Il resto del provvedimento del 1996, nel quale il cardinale Francesco M. Pompedda che l’aveva minutato incorporava l’eventuale rinunzia del papa, veniva validato. E quando durante l’estate del 2012 Benedetto XVI ha compiuto i passi per «metter tutto in ordine» in vista di un atto che oggi comprendiamo essere stato preparato «per il bene della chiesa e dei successori», ha creato cardinali, promosso vescovi, fatto nomine. Ma non ha toccato il congegno del conclave; e non senza ragione. Il sistema del conclave s’è stratificato in dieci secoli. La riserva dell’elettorato attivo ai cardinali è del 1059; la legislazione sulla maggioranza del 1179, quella sulla reclusione conclavaria del 1274; la proibizione di modificare le norme nella sede vacante del 1311; la limitazione dei cardinali a settanta del 1588, la cancellazione del diritto di veto delle corone cattoliche del 1903, l’aumento degli elettori e l’esclusione degli ultraottantenni del 1968, la scelta del solo scrutinio del 1996, l’introduzione del ballottaggio del 2007.
Benedetto XVI è ancora nel pieno dei suoi poteri canonici e può fare quello che vuole. Nessuno si meraviglierà se il papa darà disposizioni aggiuntive su cose nelle quali non ritiene basti il buon senso, puta caso il destino dell’anello piscatorio, l’accesso alle carte personali dell’emerito, la controfirma della rinunzia. Potrebbe accorciare i tempi del conclave e non sarebbe un tragedia. Ma quella modifica sui tempi darebbe nell’occhio.

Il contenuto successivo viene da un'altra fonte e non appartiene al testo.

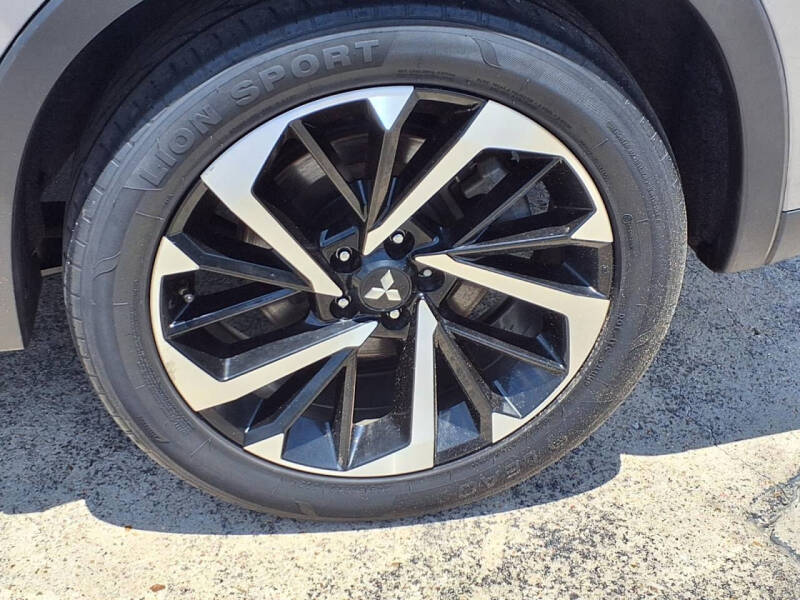2022 Mitsubishi Outlander SE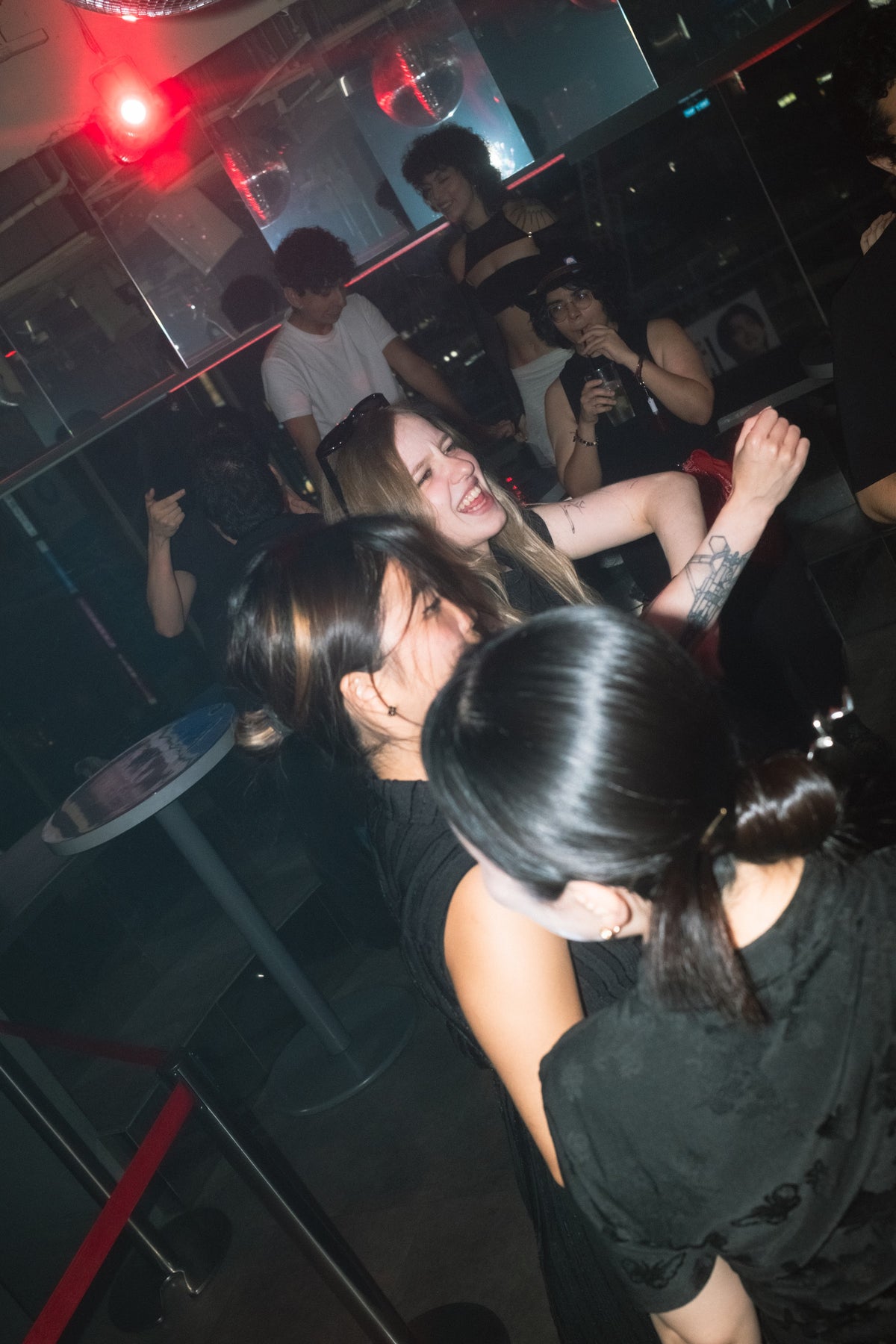 saoko-crowd-red-lights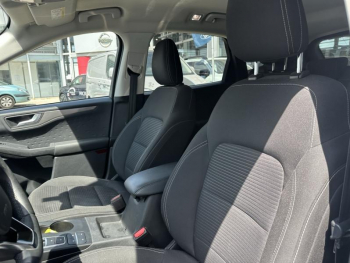 Photo 10 du bon plan FORD Kuga 1.5 EcoBlue 120ch Titanium BVA occasion à 17900 €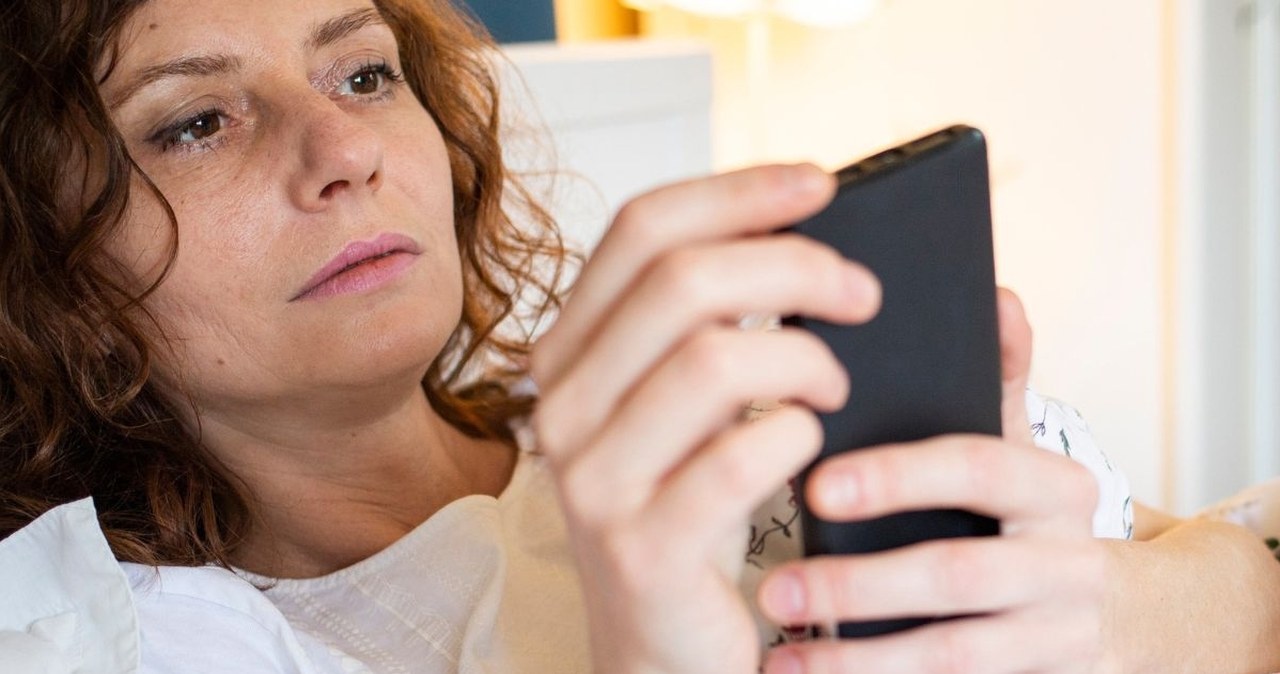 Żyłam bez telefona przez tydzień. "Bałam się włączyć telefon"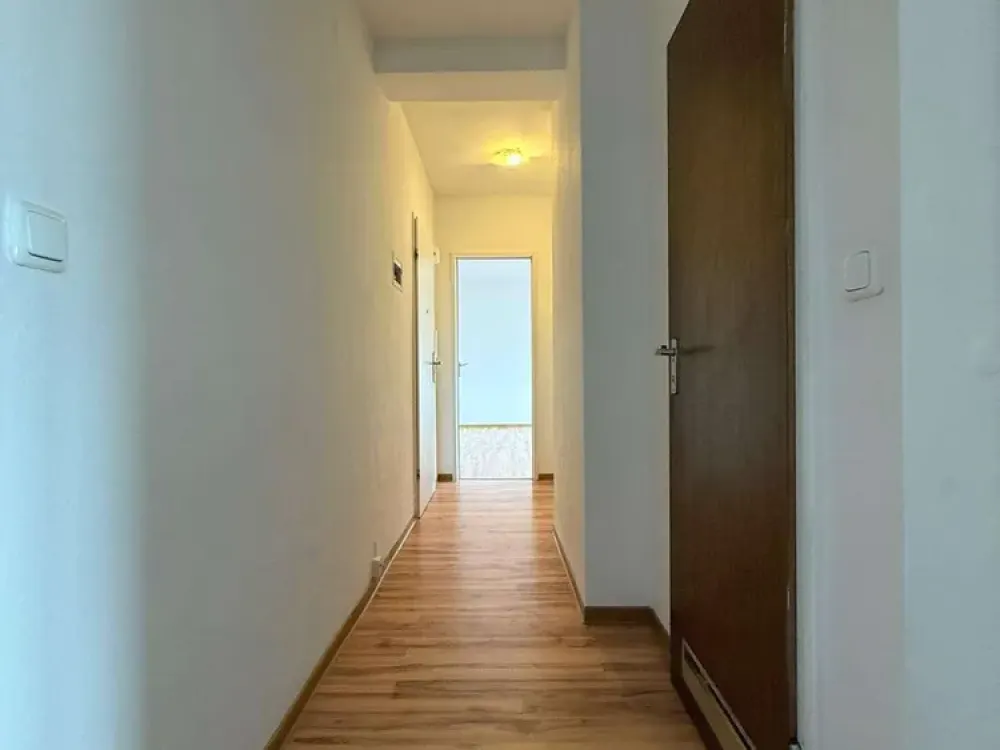 2-Zimmer-Wohnung in ruhiger Lage mit Außenstellplatz in Hattersheim zu vermieten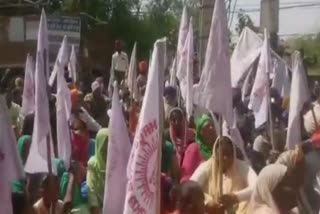 farmers protest against police in hoshiarpur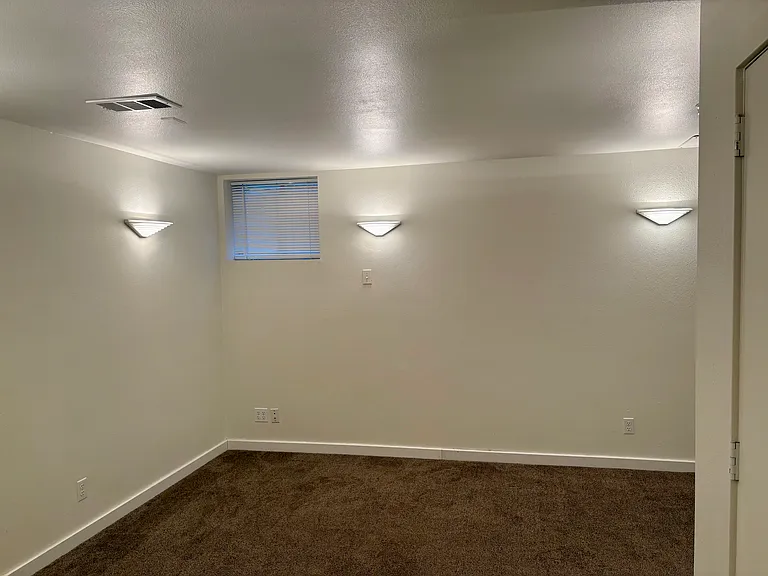 1405 Bradley Dr — Photo 11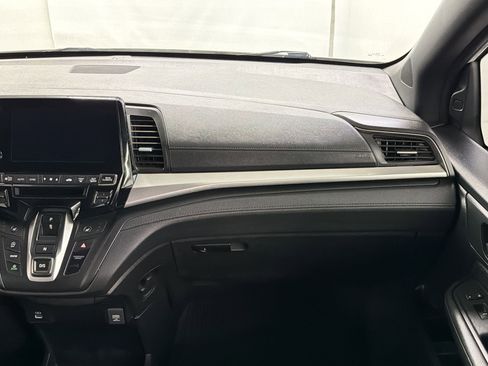 Certified 2023 Honda Odyssey Sport image 28
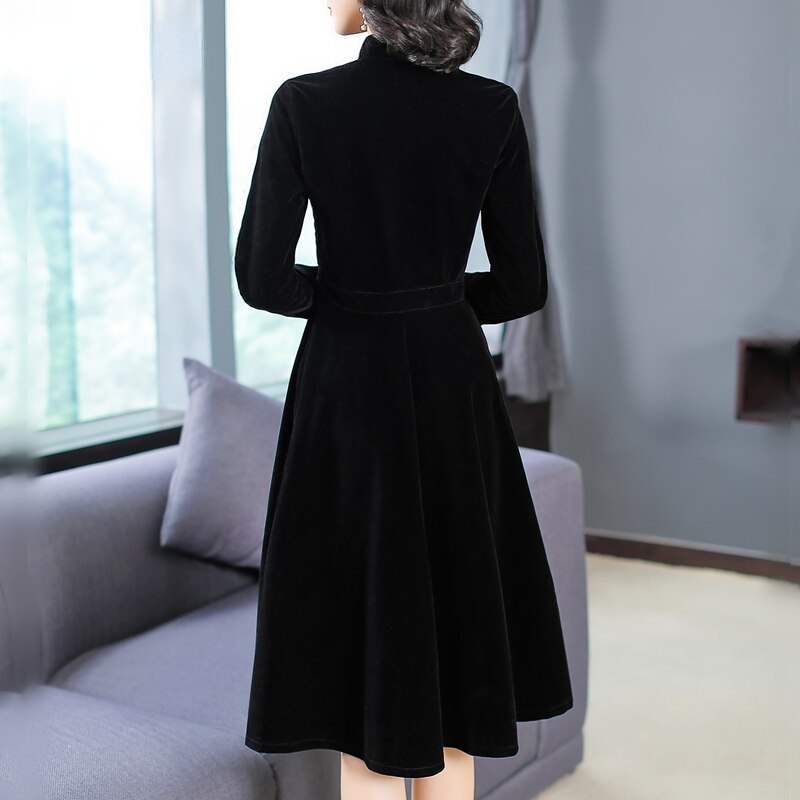 New Autumn And Winter Women European And American Hepburn Style Dress Black Thin Retro Velvet Collar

Il più grande guaio della chiesa romana — lo scisma d’Occidente che portò ad avere tre papi in concorrenza fra XIV e XV secolo — fu generato proprio da una manomissione delle regole elettorali, quando i cardinali impugnarono l’elezione di Urbano VI perché avvenuta per «paura». Che nel secolo XXI si debba anticipare il conclave per «paura» dell’attesa evoca un fantasma.
Fra poche ore si saprà se e quali modifiche verranno apportate alle regole conclavarie. Nel caso che si riduca l’attesa i cardinali dovranno essere più rapidi nel farsi un’idea delle cause di un disordine che non cessa; e dalle meditazioni che ascolteranno dovranno ricavare più in fretta le indicazioni di cui hanno bisogno. Consapevoli di una immensa responsabilità.
«Ubi periculum maius intenditur, ibi procul dubio est plenius consulendum» si diceva al concilio del 1274: «quando si intuisce un pericolo più grande, allora è il momento di una più ampia consultazione». Parole sagge di cui dovrà far uso il collegio cardinalizio per il tempo che avrà a disposizione.
Quella che s’è aperta con la rinunzia di Benedetto XVI è una fase inedita. Inedita è una rinunzia che per diciotto giorni è annuncio di sé. Inedite le circostanze presenti nelle quali i cardinali «degenti nell’Urbe» hanno accesso al papa che sarà presto emerito. Chiunque lo dimentichi scherza col fuoco.